Keep these things in mind to have a comfortable trip to Badami.
1. Book a stay where the staff speaks Hindi/English because the locals mostly speak Kannada.
2. To enjoy the weather, wear shorts, tees, and sports shoes/sandals.
3. Carry a water bottle, hat, and shades to bear the heat.
4. You can hire a guide if you need more context behind the temples, but it can get costly. Consult your stay for recommendations.
5. Be careful of the bats and the foul smell inside the deeper end of the temples.
6. Beware of your belongings when you go to isolated places, as monkeys are common.
7. While you’ll find roadside eateries in Aihole and Pattadakal, you don’t want to risk food poisoning. For that reason, I recommend carrying dry fruits, fruits, and snacks.
Visit Badami Only For These 2 Reasons

I have said it before, but it’s worth reminding you again. You should visit Badami-Aihole-Pattadakal for these two reasons:
- Architecture
- History
(Otherwise, it will be a waste of time.)
I was blown away by the architecture of the temples, which will put most of our modern infrastructure to shame.
And because I got so invested in the architecture, I ended up searching Wikipedia to learn the history behind it.
Now that I have visited Badami, I understand why Google kept recommending this place when I was doing my research on Hampi.
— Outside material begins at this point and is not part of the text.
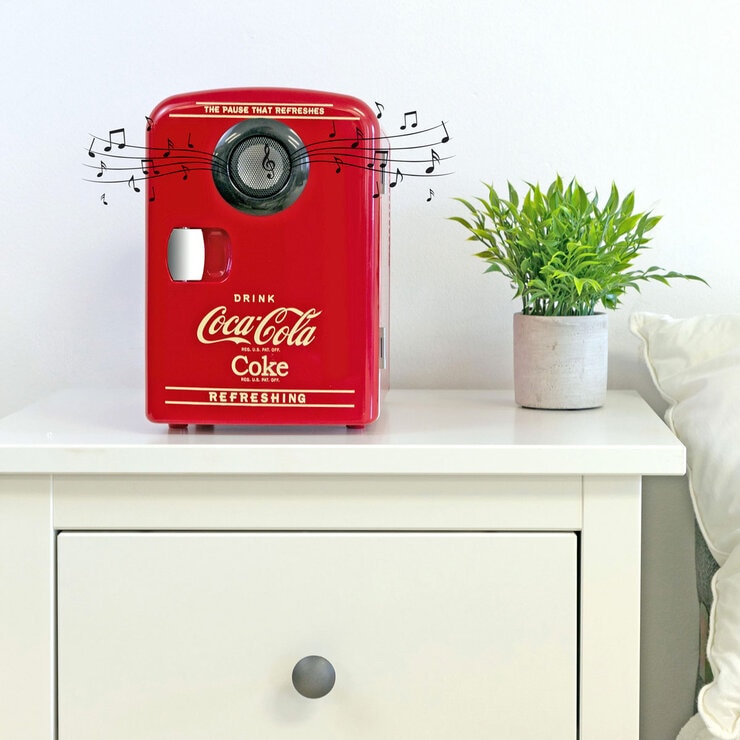 Coca-Cola Bluetooth Mini-Fridge Coca-Cola Bluetooth Mini-Fridge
Frequently Asked Questions (FAQs)
1. Can we cover Badami, Aihole, and Pattadakal in one day?
Yes, it’s possible, but only if you have supersonic speed like Flash (from DC).
2. Is Pattadakal worth visiting?
For sure. It’s a UNESCO World Heritage Site, which is known for its blend of northern and southern architecture in its temples.
3. How much time is required to explore Badami?
It took me half a day to explore Badami. It depends on your speed.
4. What is the dress code in Badami?
No dress code as such. Just wear what’s comfortable for you.
5. Are Badami and Aihole the same?
Somewhat but not entirely. In Badami, you’ll find rugged sandstone hills, a lake right next to it, and a fort apart from a few temples. Meanwhile, Aihole is exclusively known for its Hindu, Buddhist, and Jain temples.